Required Experience:
10+ years of experience in Data Engineering, Software Engineering, or a related technical discipline. Extensive hands-on experience with modern cloud data platforms such as Azure Databricks, Snowflake, or similar technologies. Proven background building AI-driven automation solutions utilizing LLMs, prompt engineering methodologies, and agent orchestration frameworks. Strong programming expertise in Python and advanced SQL development within production environments. Practical experience working with Azure Databricks, including notebooks, workflows, jobs, Delta Live Tables (DLT), and related services. Experience implementing CI/CD and Continuous Testing (CT) pipelines using tools such as GitHub Actions and Azure DevOps.
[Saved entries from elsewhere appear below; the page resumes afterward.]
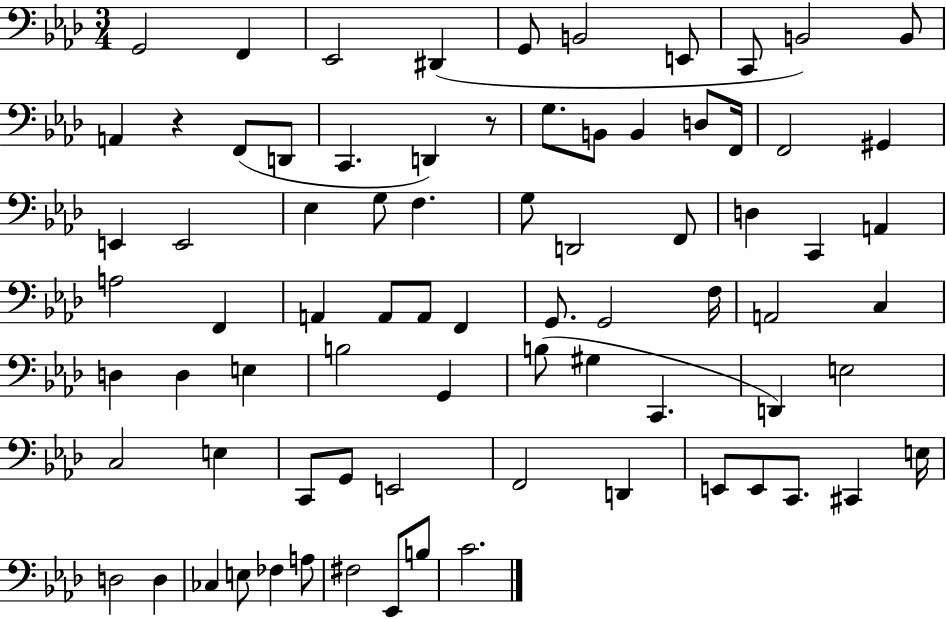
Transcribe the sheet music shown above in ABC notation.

X:1
T:Untitled
M:3/4
L:1/4
K:Ab
G,,2 F,, _E,,2 ^D,, G,,/2 B,,2 E,,/2 C,,/2 B,,2 B,,/2 A,, z F,,/2 D,,/2 C,, D,, z/2 G,/2 B,,/2 B,, D,/2 F,,/4 F,,2 ^G,, E,, E,,2 _E, G,/2 F, G,/2 D,,2 F,,/2 D, C,, A,, A,2 F,, A,, A,,/2 A,,/2 F,, G,,/2 G,,2 F,/4 A,,2 C, D, D, E, B,2 G,, B,/2 ^G, C,, D,, E,2 C,2 E, C,,/2 G,,/2 E,,2 F,,2 D,, E,,/2 E,,/2 C,,/2 ^C,, E,/4 D,2 D, _C, E,/2 _F, A,/2 ^F,2 _E,,/2 B,/2 C2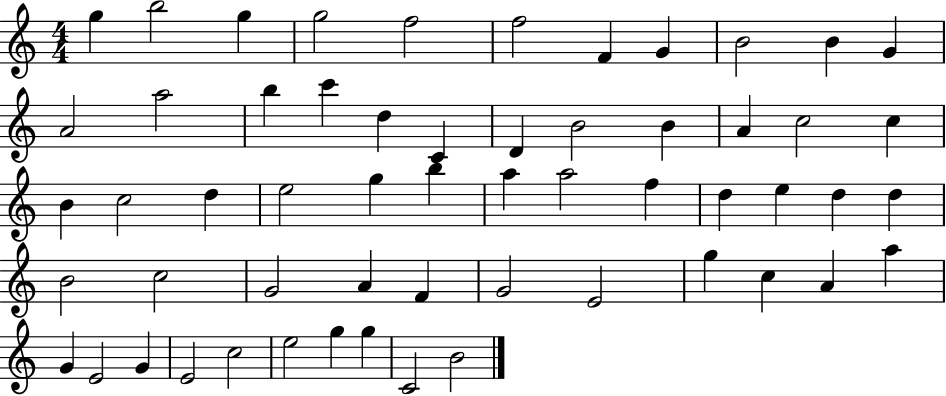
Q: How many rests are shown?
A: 0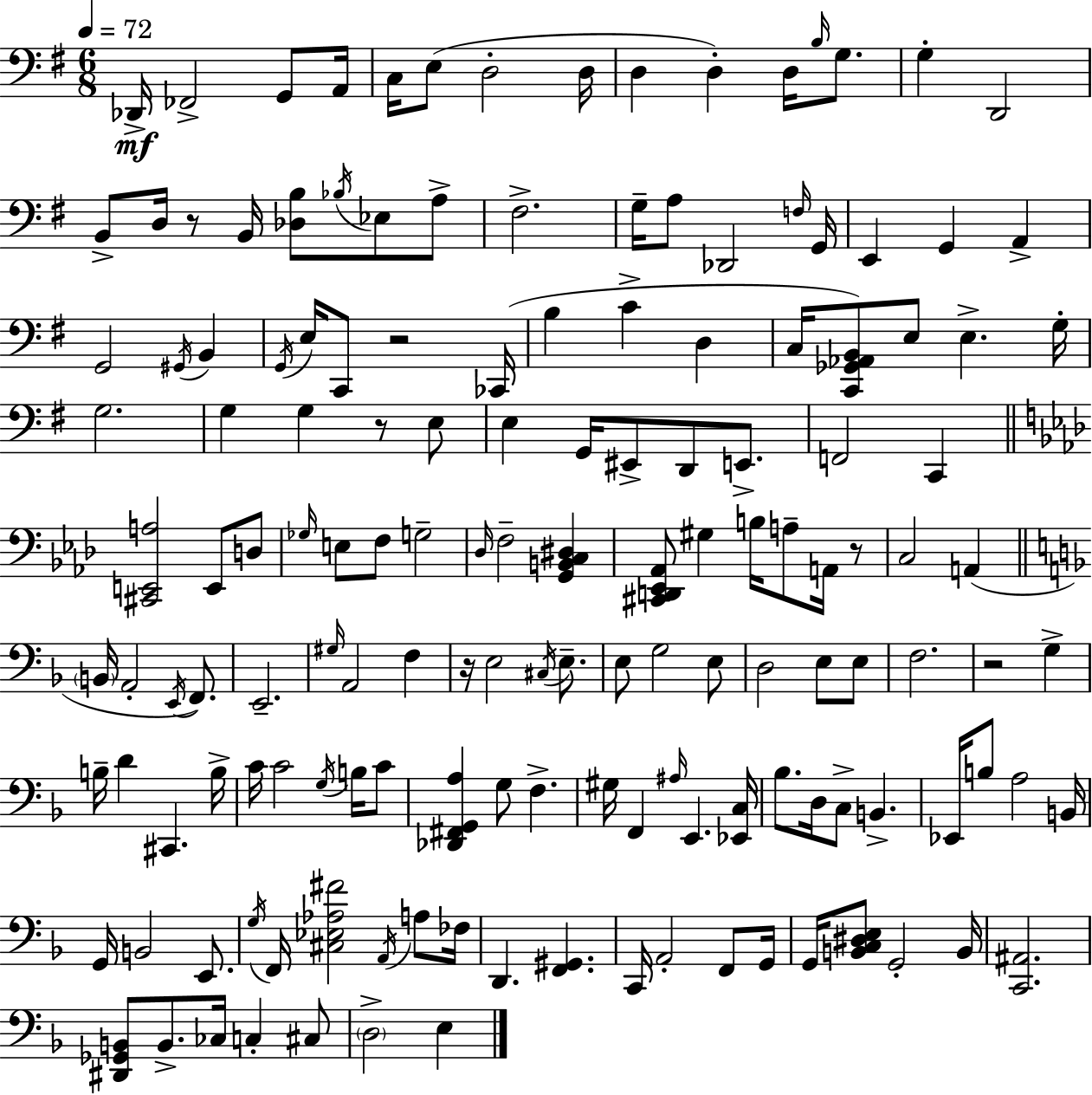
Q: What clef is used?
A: bass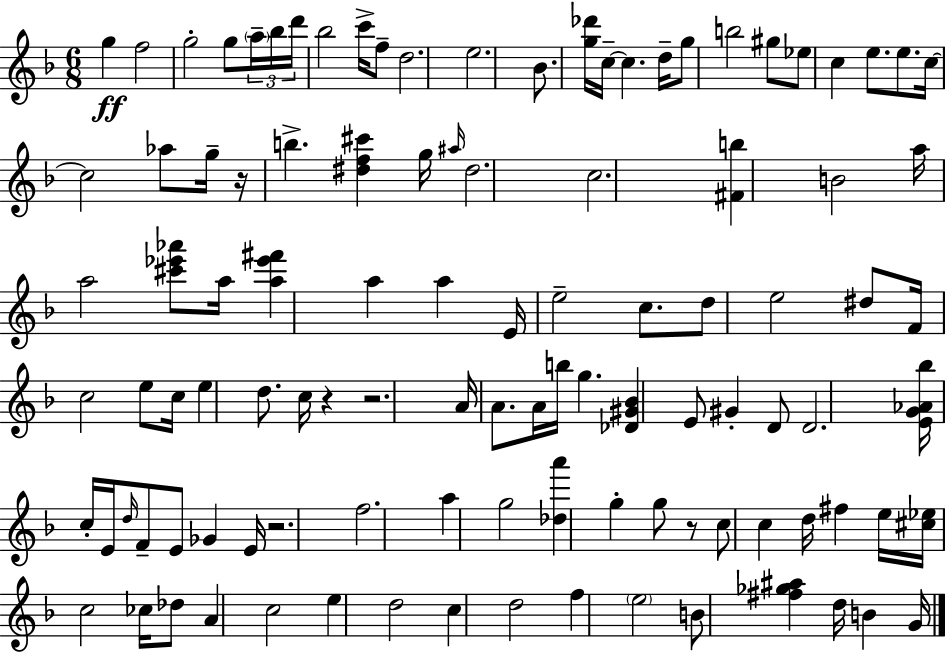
X:1
T:Untitled
M:6/8
L:1/4
K:Dm
g f2 g2 g/2 a/4 _b/4 d'/4 _b2 c'/4 f/2 d2 e2 _B/2 [g_d']/4 c/4 c d/4 g/2 b2 ^g/2 _e/2 c e/2 e/2 c/4 c2 _a/2 g/4 z/4 b [^df^c'] g/4 ^a/4 ^d2 c2 [^Fb] B2 a/4 a2 [^c'_e'_a']/2 a/4 [a_e'^f'] a a E/4 e2 c/2 d/2 e2 ^d/2 F/4 c2 e/2 c/4 e d/2 c/4 z z2 A/4 A/2 A/4 b/4 g [_D^G_B] E/2 ^G D/2 D2 [EG_A_b]/4 c/4 E/4 d/4 F/2 E/2 _G E/4 z2 f2 a g2 [_da'] g g/2 z/2 c/2 c d/4 ^f e/4 [^c_e]/4 c2 _c/4 _d/2 A c2 e d2 c d2 f e2 B/2 [^f_g^a] d/4 B G/4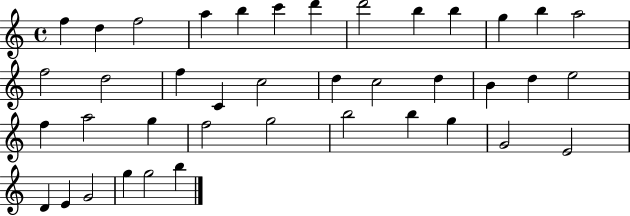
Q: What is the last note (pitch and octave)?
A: B5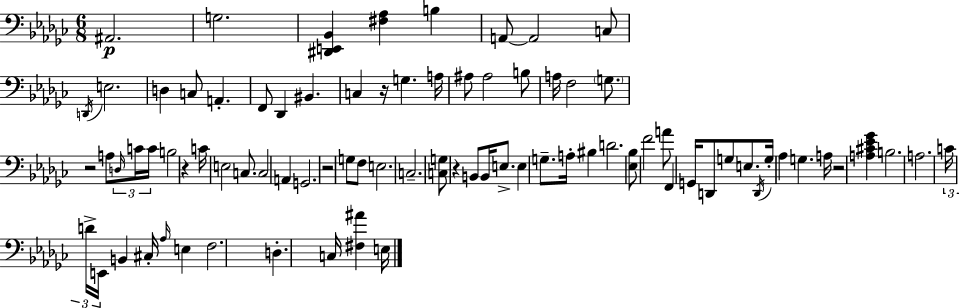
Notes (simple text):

A#2/h. G3/h. [D#2,E2,Bb2]/q [F#3,Ab3]/q B3/q A2/e A2/h C3/e D2/s E3/h. D3/q C3/e A2/q. F2/e Db2/q BIS2/q. C3/q R/s G3/q. A3/s A#3/e A#3/h B3/e A3/s F3/h G3/e. R/h A3/e D3/s C4/s C4/s B3/h R/q C4/s E3/h C3/e. C3/h A2/q G2/h. R/h G3/e F3/e E3/h. C3/h. [C3,G3]/e R/q B2/e B2/s E3/e. E3/q G3/e. A3/s BIS3/q D4/h. [Eb3,Bb3]/e F4/h A4/e F2/q G2/s D2/e G3/e E3/e. D2/s G3/s Ab3/q G3/q. A3/s R/h [A3,C#4,Eb4,Gb4]/q B3/h. A3/h. C4/s D4/s E2/s B2/q C#3/s Ab3/s E3/q F3/h. D3/q. C3/s [F#3,A#4]/q E3/s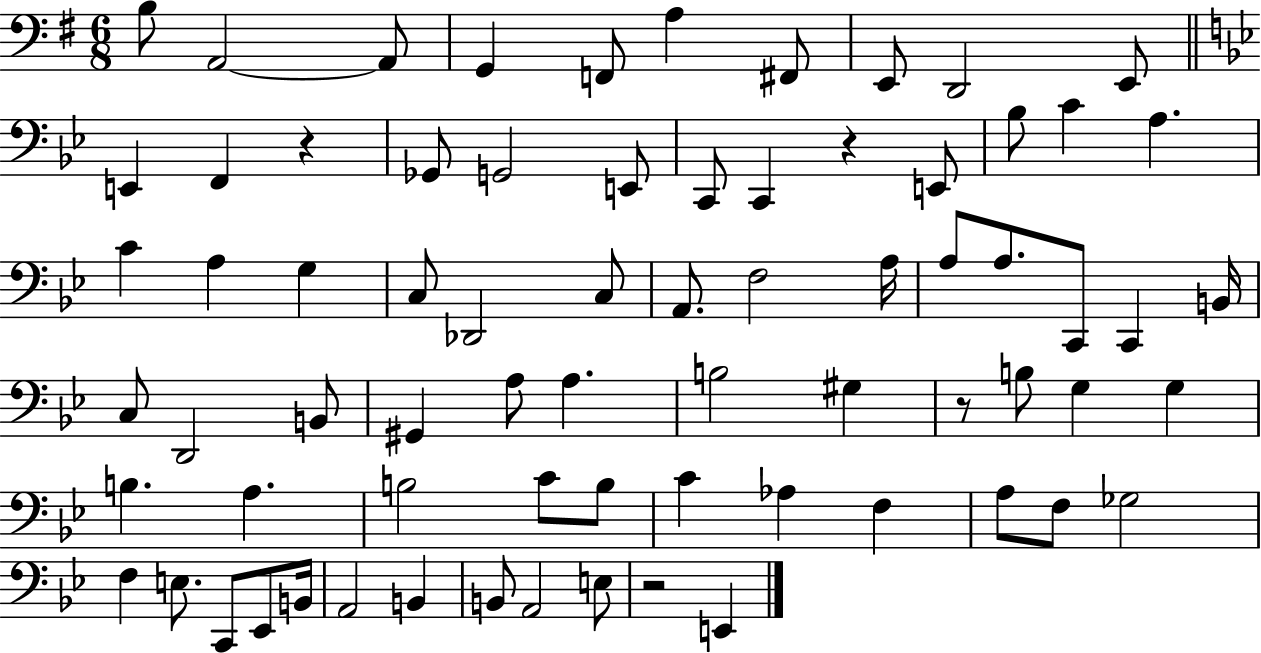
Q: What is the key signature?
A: G major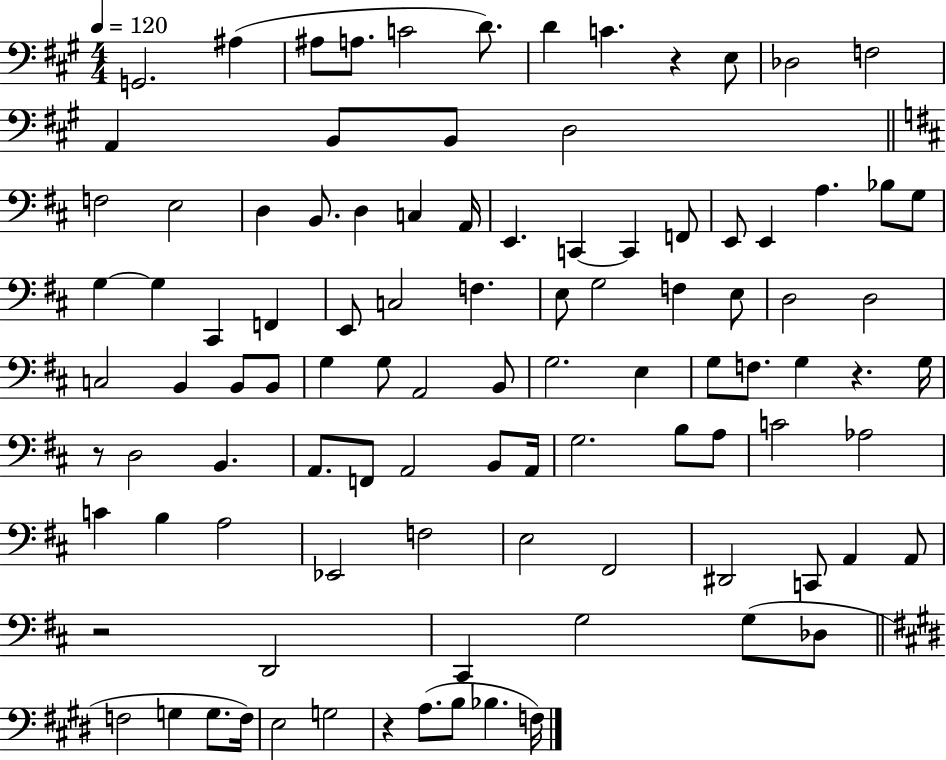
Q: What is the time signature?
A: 4/4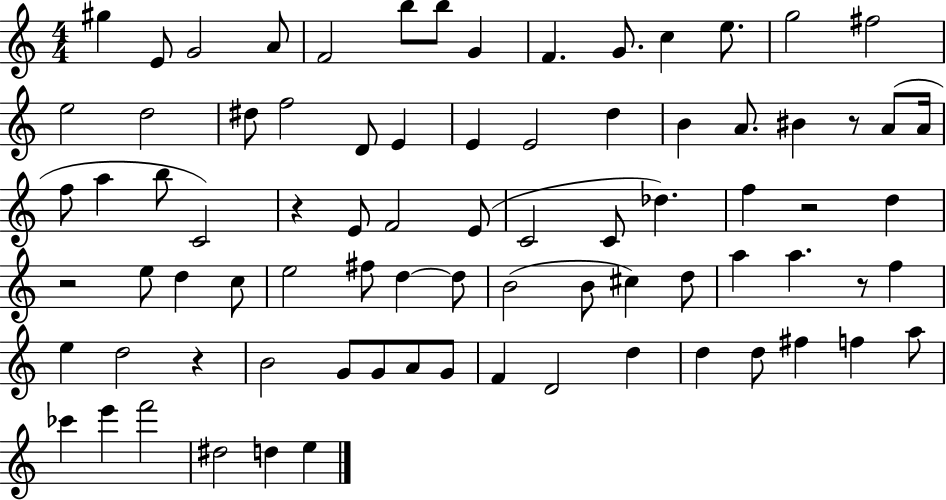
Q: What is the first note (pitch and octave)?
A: G#5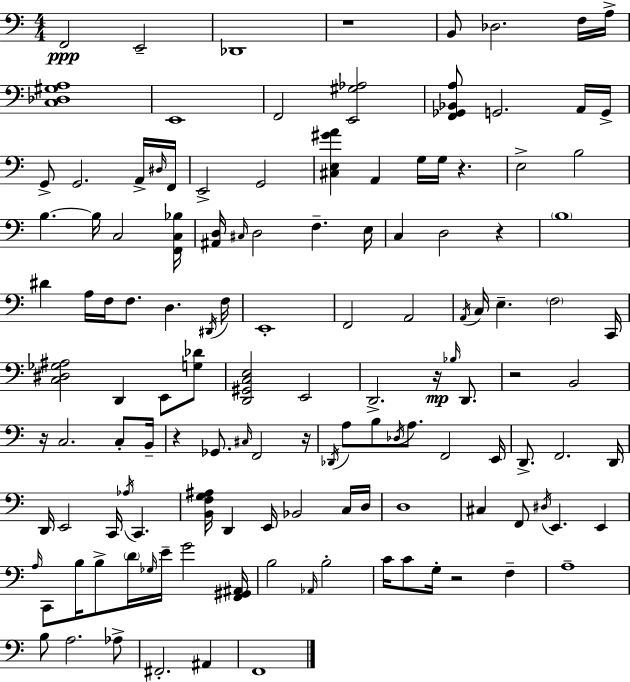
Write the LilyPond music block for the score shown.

{
  \clef bass
  \numericTimeSignature
  \time 4/4
  \key c \major
  \repeat volta 2 { f,2\ppp e,2-- | des,1 | r1 | b,8 des2. f16 a16-> | \break <c des gis a>1 | e,1 | f,2 <e, gis aes>2 | <f, ges, bes, a>8 g,2. a,16 g,16-> | \break g,8-> g,2. a,16-> \grace { dis16 } | f,16 e,2-> g,2 | <cis e gis' a'>4 a,4 g16 g16 r4. | e2-> b2 | \break b4.~~ b16 c2 | <f, c bes>16 <ais, d>16 \grace { cis16 } d2 f4.-- | e16 c4 d2 r4 | \parenthesize b1 | \break dis'4 a16 f16 f8. d4. | \acciaccatura { dis,16 } f16 e,1-. | f,2 a,2 | \acciaccatura { a,16 } c16 e4.-- \parenthesize f2 | \break c,16 <c dis ges ais>2 d,4 | e,8 <g des'>8 <d, gis, c e>2 e,2 | d,2.-> | r16\mp \grace { bes16 } d,8. r2 b,2 | \break r16 c2. | c8-. b,16-- r4 ges,8. \grace { cis16 } f,2 | r16 \acciaccatura { des,16 } a8 b8 \acciaccatura { des16 } a8. f,2 | e,16 d,8.-> f,2. | \break d,16 d,16 e,2 | c,16 \acciaccatura { aes16 } c,4. <b, f g ais>16 d,4 e,16 bes,2 | c16 d16 d1 | cis4 f,8 \acciaccatura { dis16 } | \break e,4. e,4 \grace { a16 } c,8 b16 b8-> | \parenthesize d'16 \grace { ges16 } e'16-- g'2 <f, gis, ais,>16 b2 | \grace { aes,16 } b2-. c'16 c'8 | g16-. r2 f4-- a1-- | \break b8 a2. | aes8-> fis,2.-. | ais,4 f,1 | } \bar "|."
}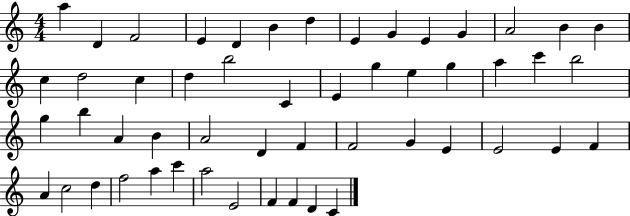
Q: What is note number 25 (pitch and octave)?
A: A5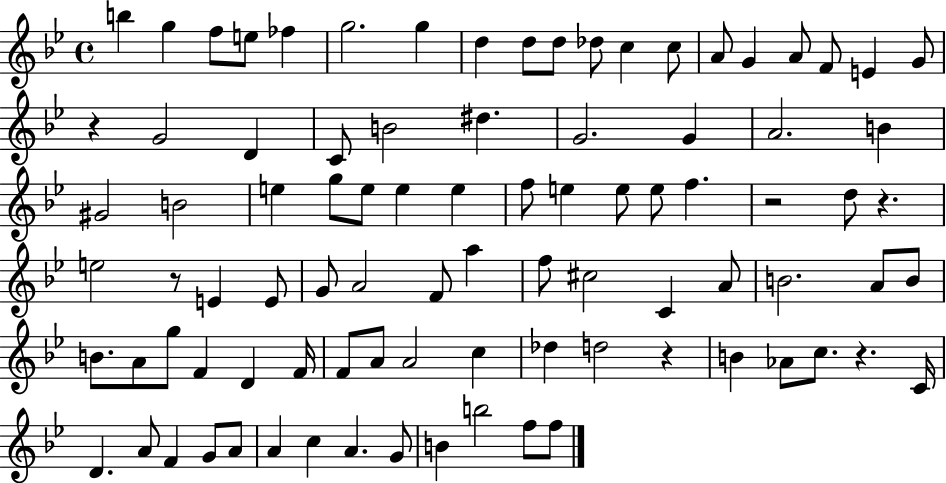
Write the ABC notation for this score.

X:1
T:Untitled
M:4/4
L:1/4
K:Bb
b g f/2 e/2 _f g2 g d d/2 d/2 _d/2 c c/2 A/2 G A/2 F/2 E G/2 z G2 D C/2 B2 ^d G2 G A2 B ^G2 B2 e g/2 e/2 e e f/2 e e/2 e/2 f z2 d/2 z e2 z/2 E E/2 G/2 A2 F/2 a f/2 ^c2 C A/2 B2 A/2 B/2 B/2 A/2 g/2 F D F/4 F/2 A/2 A2 c _d d2 z B _A/2 c/2 z C/4 D A/2 F G/2 A/2 A c A G/2 B b2 f/2 f/2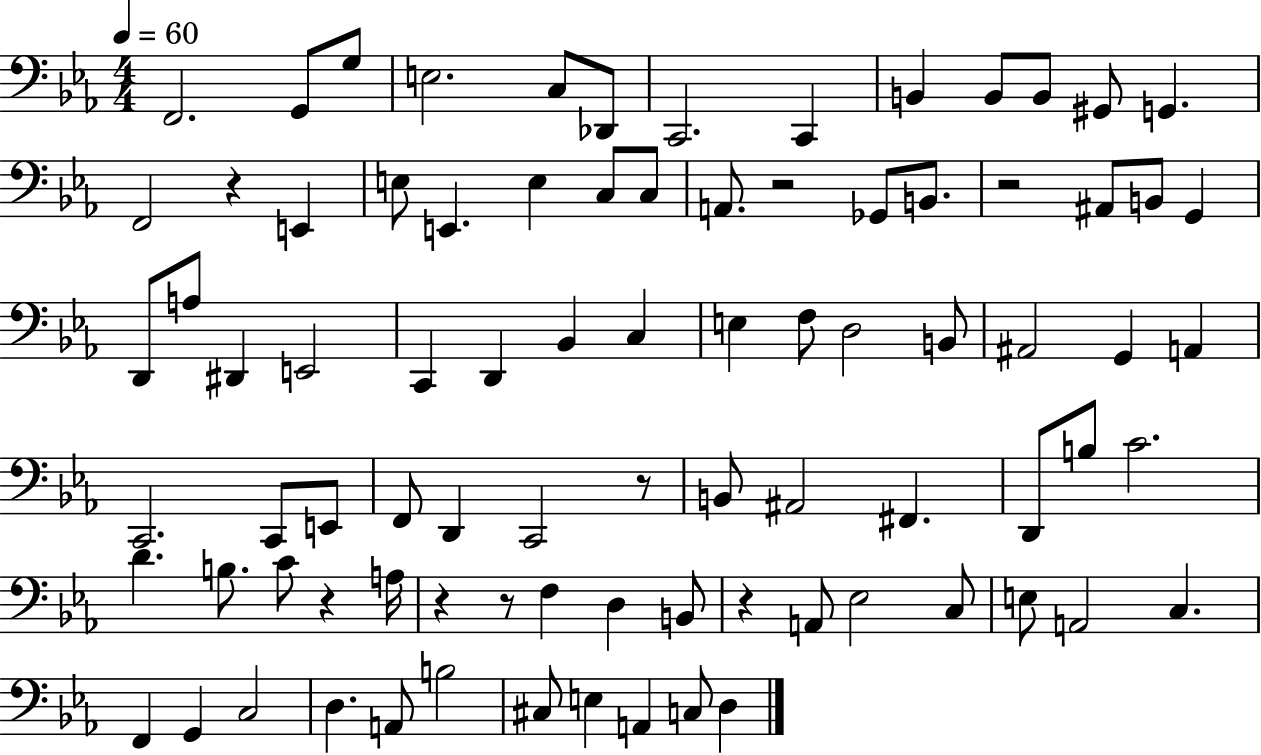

Demonstrated success creating automated testing frameworks, data validation solutions, or quality assurance processes. Previous experience supporting highly regulated, compliance-driven, or risk-sensitive environments is advantageous.
Technical Skills:
Advanced Python development skills with a strong foundation in software engineering principles, testing methodologies, documentation standards, and source control practices. Expertise in SQL and PySpark performance tuning and optimization. Hands-on experience integrating LLM services, AI APIs, prompt engineering techniques, and agent frameworks such as Databricks Agent Framework, LangChain, AutoGen, OpenAI, or Azure OpenAI. Deep understanding of Azure Databricks, including Delta Lake, workflows, asset bundles, and enterprise-scale data processing. Experience building workflow automation solutions using orchestration platforms, serverless technologies, or event-driven architectures. Strong analytical skills with the ability to break down complex business and technical processes into scalable automation components. Excellent communication skills with the ability to explain technical designs, AI agent architectures, and automation strategies to both technical and non-technical stakeholders.
Education:
Bachelor's degree in Computer Science, Software Engineering, Data Science, Information Technology, or a related field. Master's degree preferred.